**Try it:** Look for the line with "Washi-tejp Baby Yoda Grogu från Mandalorian" in the entries below, then extract that line and all lines after it exactly, with pictures left out.

**Data supplied:**

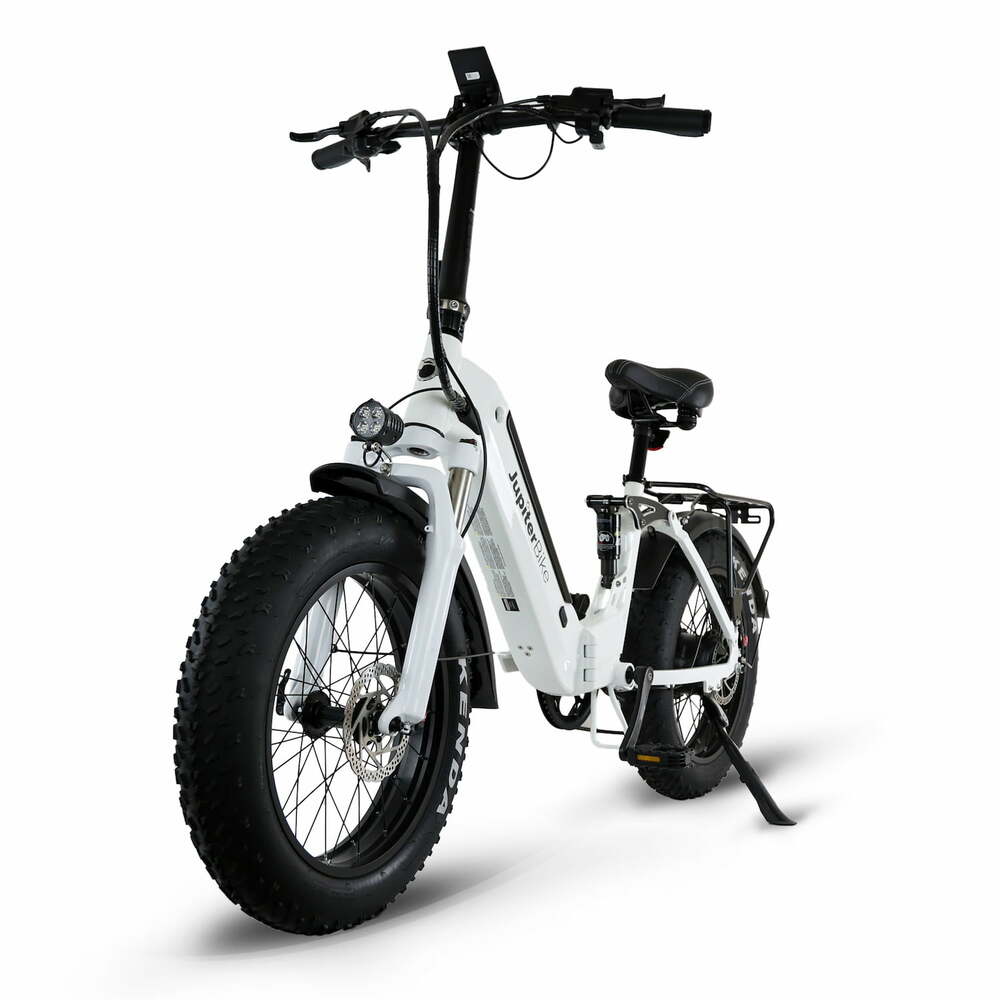 Defiant St Fat Tire Folding Electric Bike by Jupiter Bike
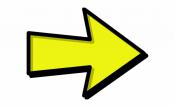 Right pointing yellow arrow image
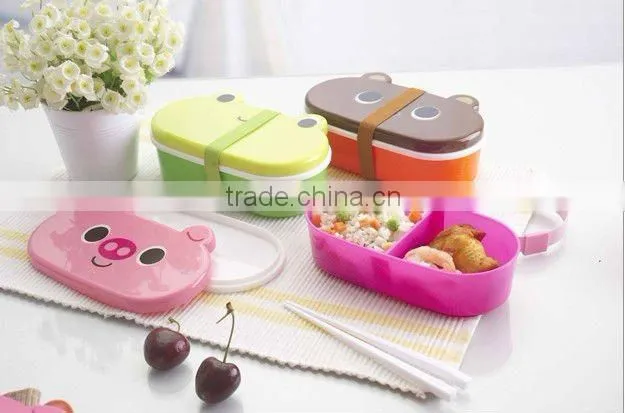 plastic heart shape / laundry fruit storage basket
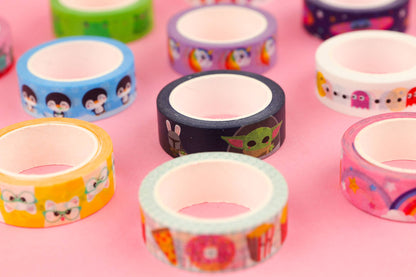 Washi-tejp Baby Yoda Grogu från Mandalorian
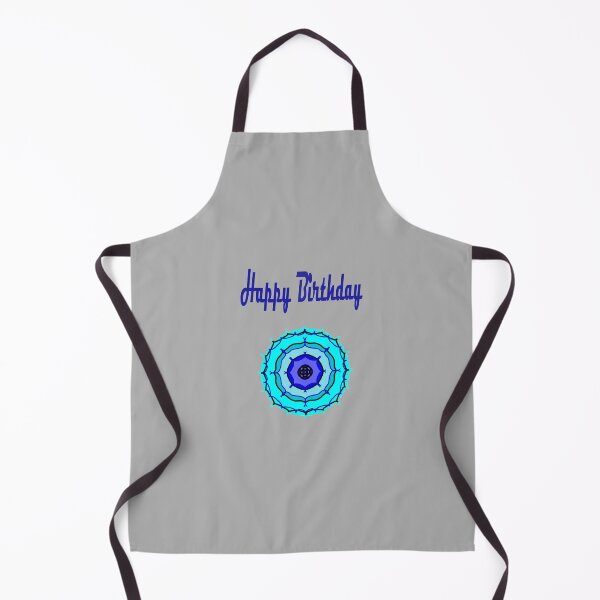 Item preview, Happy Mirrorart Circle Birthday designed and sold by KazM.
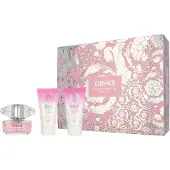 Versace Bright Crystal 50ml Eau De Toilette Gift Set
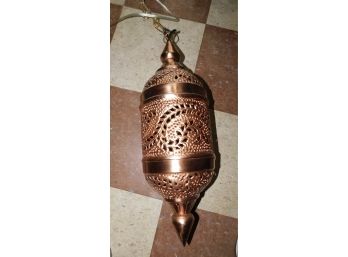Decorative Copper Hanging Lamp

**Problem solution:**
 Washi-tejp Baby Yoda Grogu från Mandalorian
 Item preview, Happy Mirrorart Circle Birthday designed and sold by KazM.
 Versace Bright Crystal 50ml Eau De Toilette Gift Set
Decorative Copper Hanging Lamp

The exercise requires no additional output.